=== Directions ===
Of the lines below, write out exactly those from the line with "LC Waikiki Γυναικείο" through the line with "Alumnos del instituto", both included, and skip the rest.
Data for this task START
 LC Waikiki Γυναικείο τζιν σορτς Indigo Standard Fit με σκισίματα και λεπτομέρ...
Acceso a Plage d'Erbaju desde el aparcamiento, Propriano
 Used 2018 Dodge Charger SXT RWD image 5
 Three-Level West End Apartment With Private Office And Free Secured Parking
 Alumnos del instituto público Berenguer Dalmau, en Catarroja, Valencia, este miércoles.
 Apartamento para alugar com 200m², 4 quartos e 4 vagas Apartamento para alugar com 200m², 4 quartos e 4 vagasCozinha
Data for this task END
Data for this task START
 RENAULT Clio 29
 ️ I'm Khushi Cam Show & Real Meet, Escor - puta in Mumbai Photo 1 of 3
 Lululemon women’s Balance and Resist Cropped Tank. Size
Data for this task END
Data for this task START
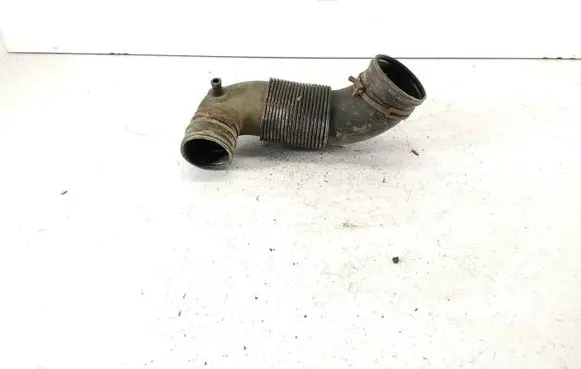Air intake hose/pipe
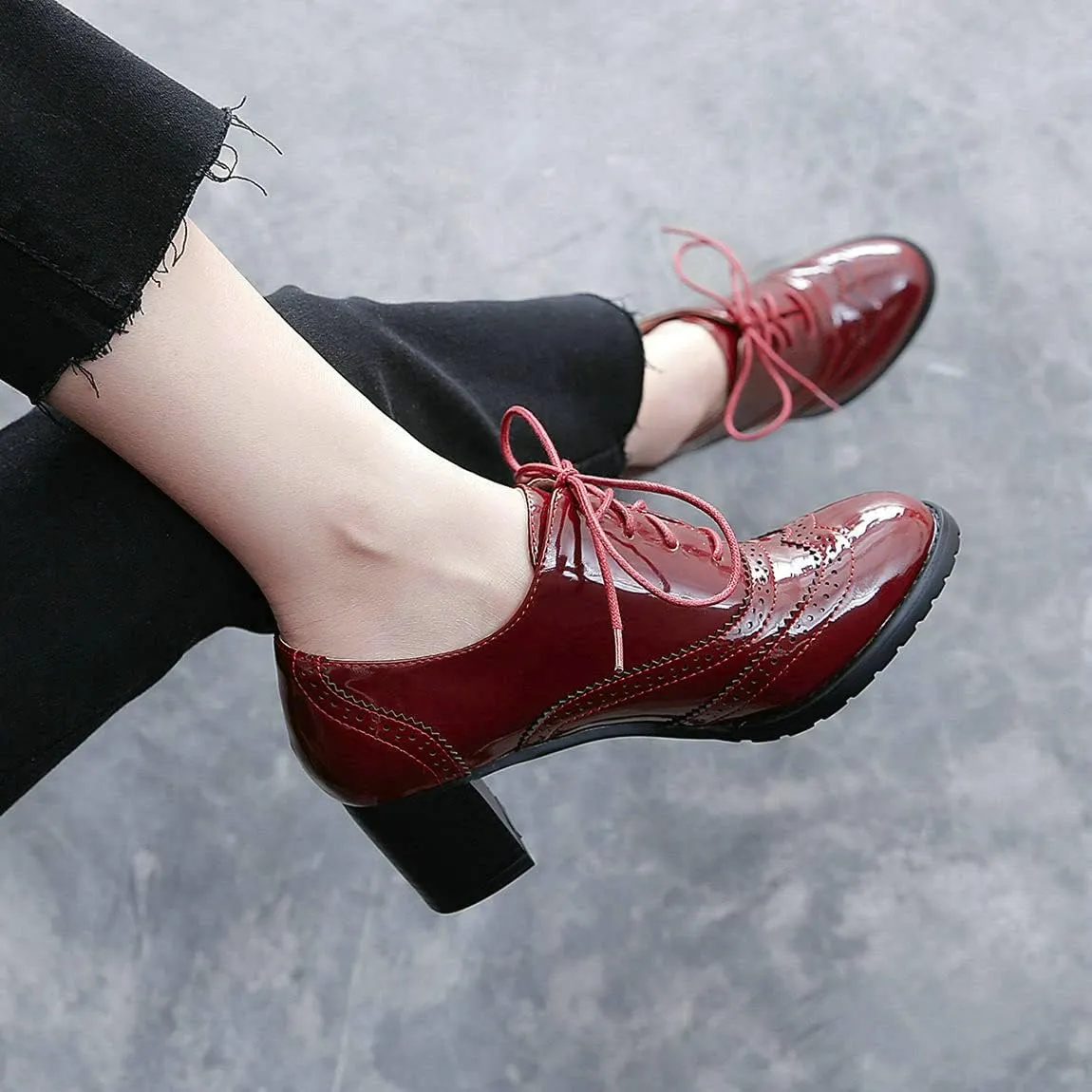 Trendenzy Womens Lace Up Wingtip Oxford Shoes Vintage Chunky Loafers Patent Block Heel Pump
Data for this task END
=== Answer below ===
 LC Waikiki Γυναικείο τζιν σορτς Indigo Standard Fit με σκισίματα και λεπτομέρ...
Acceso a Plage d'Erbaju desde el aparcamiento, Propriano
 Used 2018 Dodge Charger SXT RWD image 5
 Three-Level West End Apartment With Private Office And Free Secured Parking
 Alumnos del instituto público Berenguer Dalmau, en Catarroja, Valencia, este miércoles.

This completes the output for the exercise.